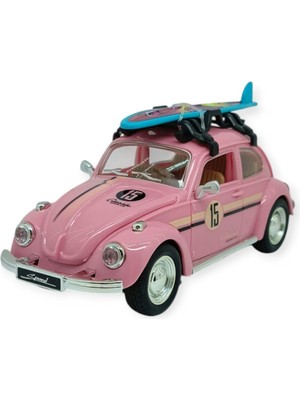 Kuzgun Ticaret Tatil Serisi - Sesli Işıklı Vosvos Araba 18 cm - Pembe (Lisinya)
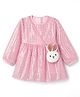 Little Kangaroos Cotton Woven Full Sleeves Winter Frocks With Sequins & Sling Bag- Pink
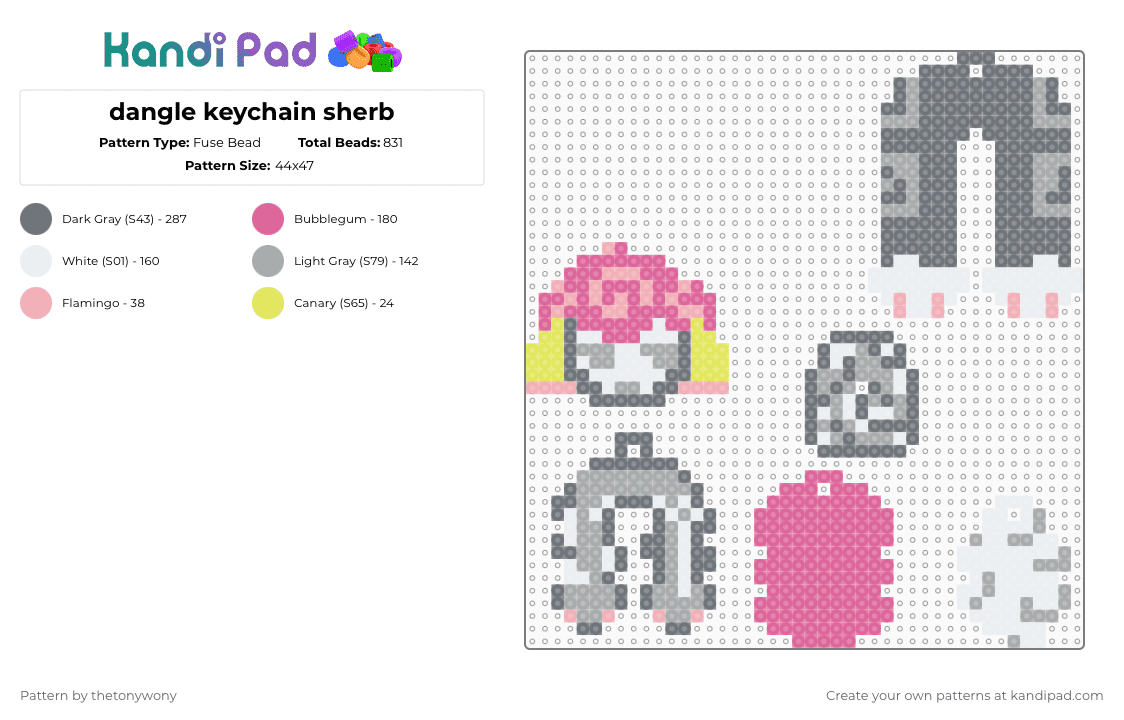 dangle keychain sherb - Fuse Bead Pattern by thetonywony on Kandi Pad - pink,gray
* * *
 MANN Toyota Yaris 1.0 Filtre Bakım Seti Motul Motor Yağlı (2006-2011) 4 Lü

* Exercise goal:
In the listing above, find the line with "Kuzgun Ticaret Tatil" and the line with "dangle keychain sherb". Output both, plus every line between them, and no pictures.

* Solution to this problem:
 Kuzgun Ticaret Tatil Serisi - Sesli Işıklı Vosvos Araba 18 cm - Pembe (Lisinya)
 Little Kangaroos Cotton Woven Full Sleeves Winter Frocks With Sequins & Sling Bag- Pink
 dangle keychain sherb - Fuse Bead Pattern by thetonywony on Kandi Pad - pink,gray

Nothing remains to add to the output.